Material to process
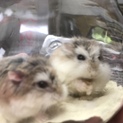 ロボロフスキーハムスター メス2匹です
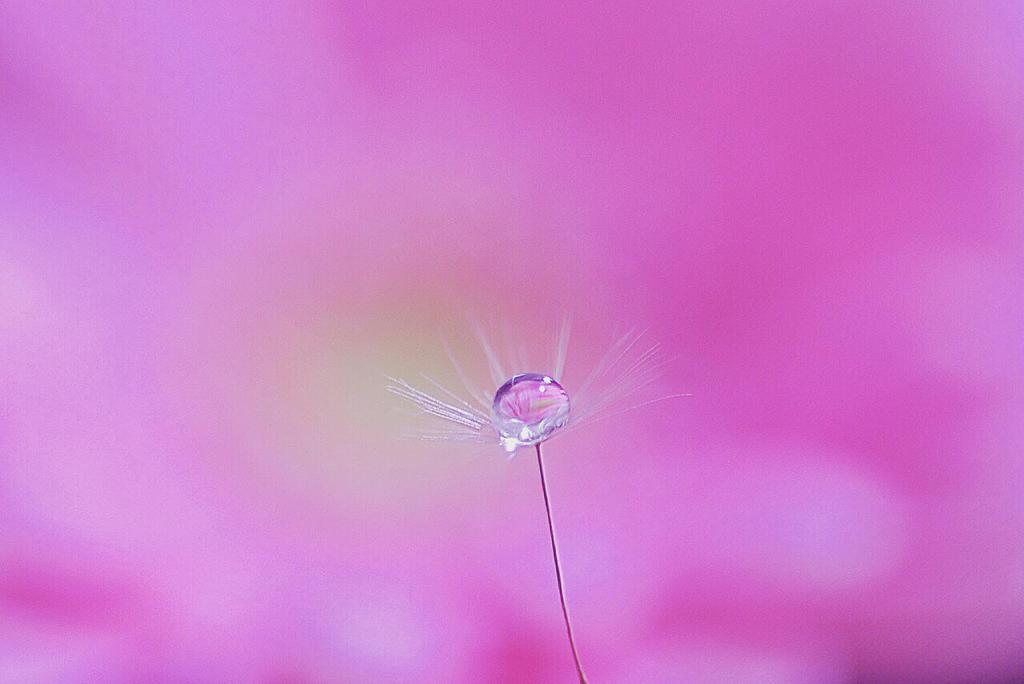 たんぽぽの綿毛♥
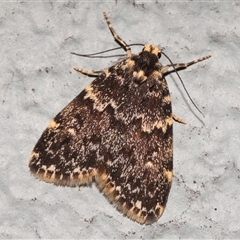 Halone coryphoea (Eastern Halone moth) at Acton, ACT - 8 Mar 2025 by TimL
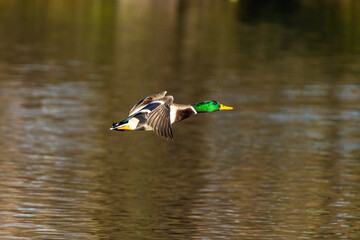 Wild duck or mallard, Anas platyrhynchos flying over a lake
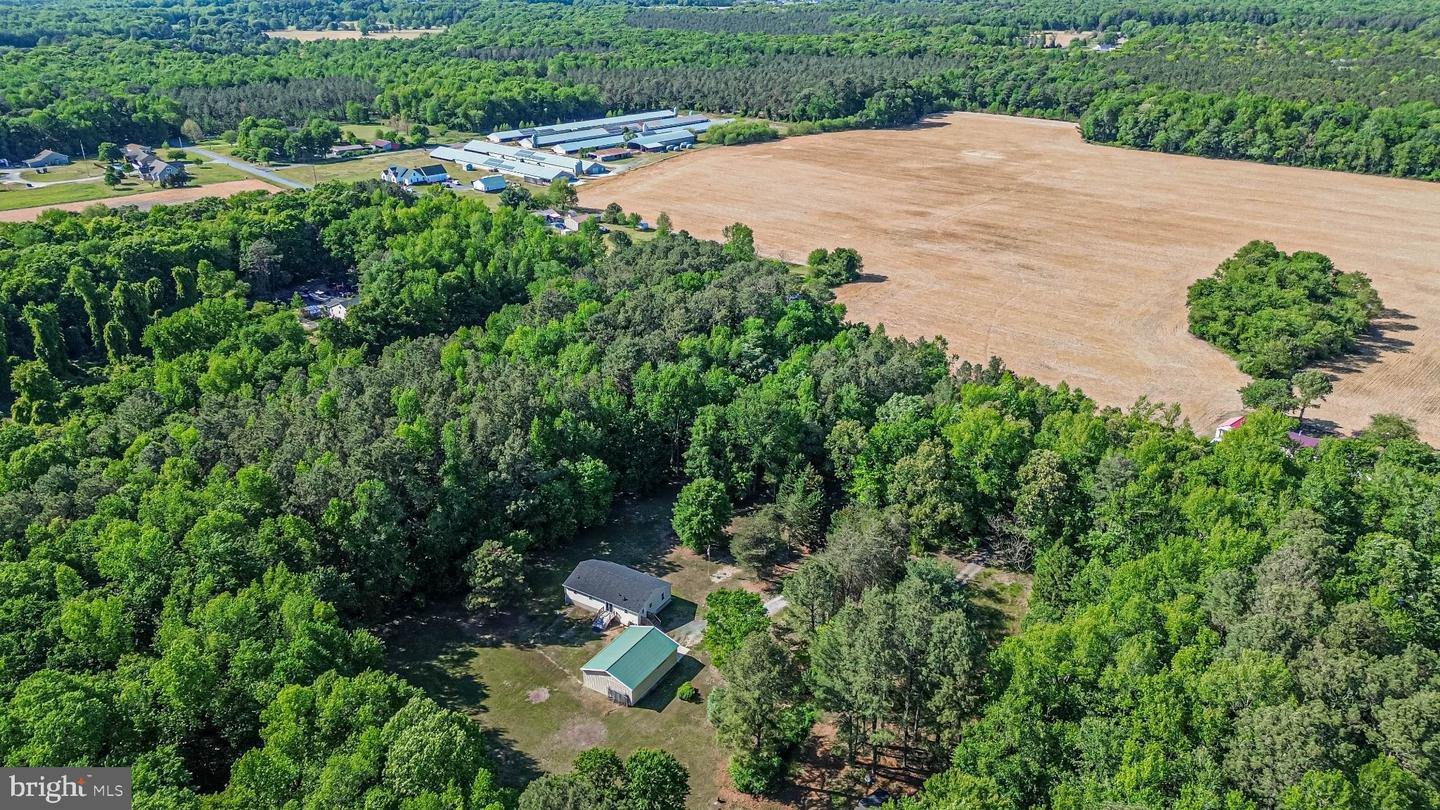 DESU2111602-804902590798-2026-05-19-10-36-15 13194 Hunters Cove Rd | Greenwood, DE Real Estate For Sale | MLS# Desu2111602  - Jack Lingo REALTOR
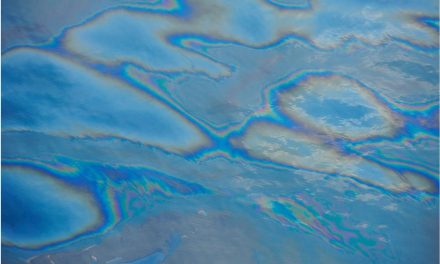 Contaminação por petróleo e derivados em ecossitemas aquáticos: os problemas foram resolvidos?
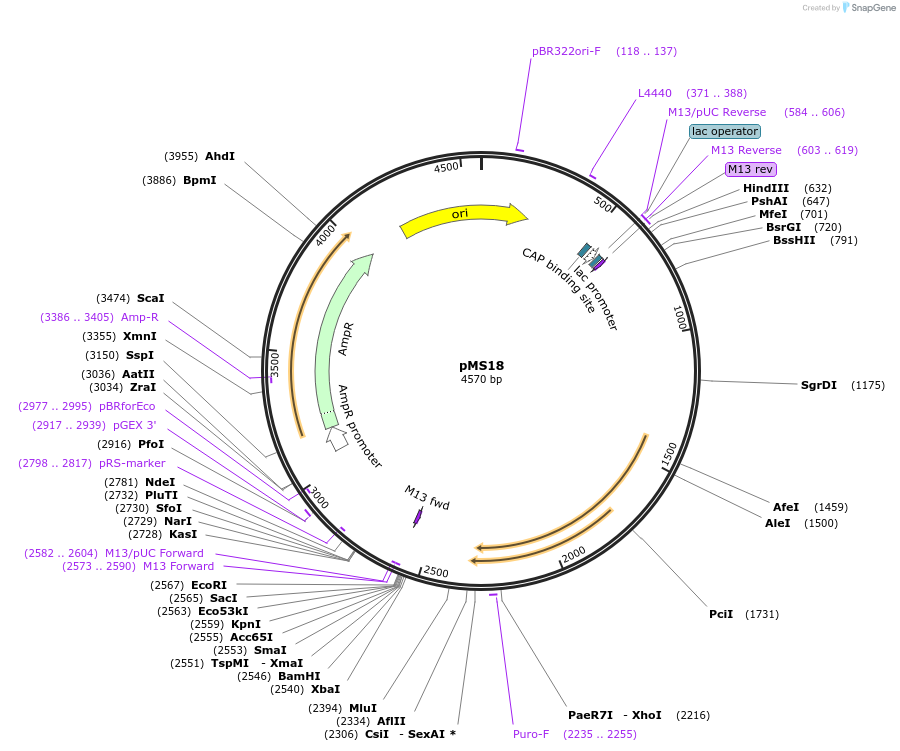 225681-plasmid-map-sequence-id-455386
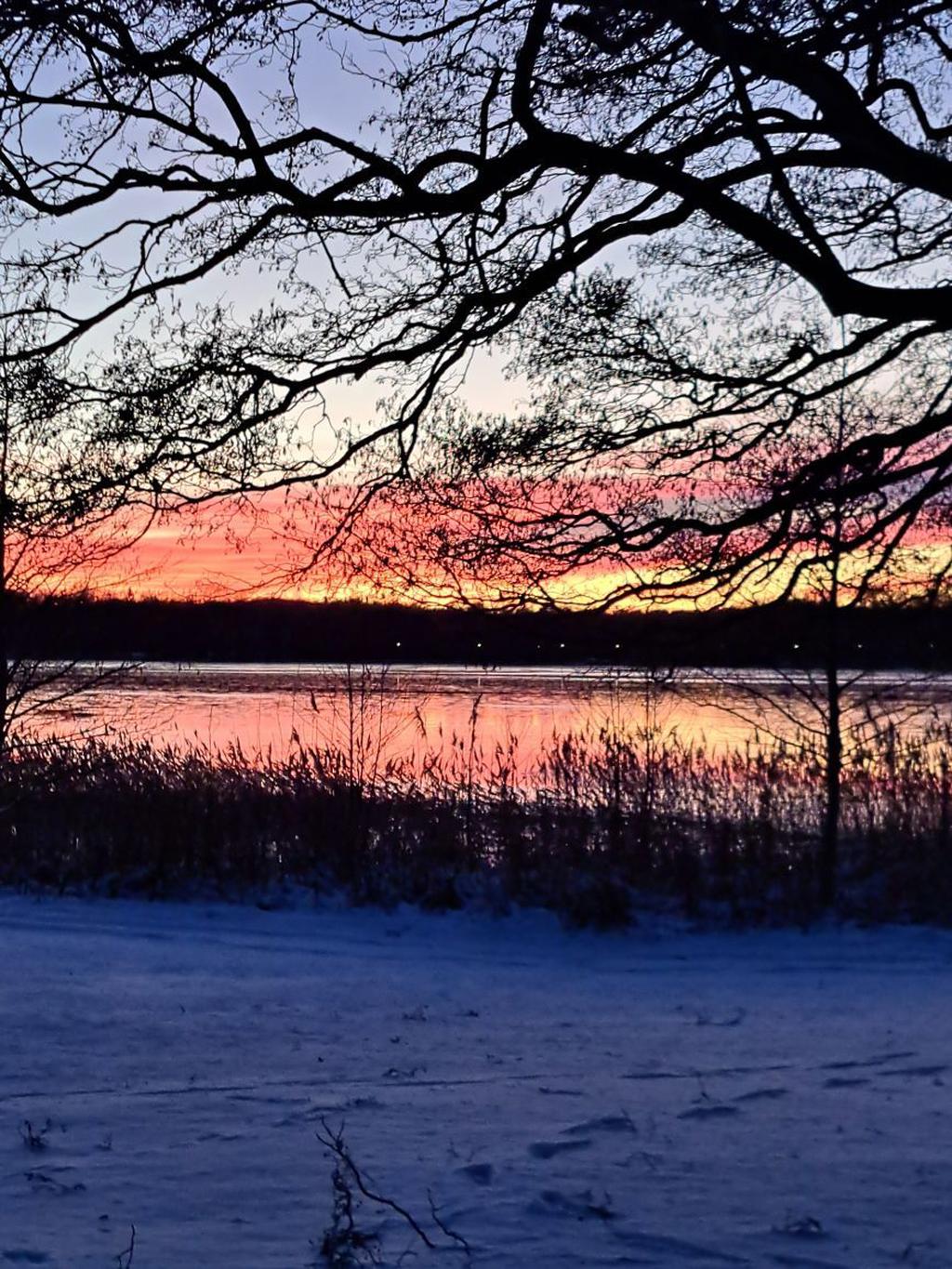 Omgivning (säljarens bild)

Work to complete
Although the records contain pictures, only the text should be copied, exactly as it stands.

Answer section
 ロボロフスキーハムスター メス2匹です
 たんぽぽの綿毛♥
 Halone coryphoea (Eastern Halone moth) at Acton, ACT - 8 Mar 2025 by TimL
 Wild duck or mallard, Anas platyrhynchos flying over a lake
 DESU2111602-804902590798-2026-05-19-10-36-15 13194 Hunters Cove Rd | Greenwood, DE Real Estate For Sale | MLS# Desu2111602  - Jack Lingo REALTOR
 Contaminação por petróleo e derivados em ecossitemas aquáticos: os problemas foram resolvidos?
 225681-plasmid-map-sequence-id-455386
 Omgivning (säljarens bild)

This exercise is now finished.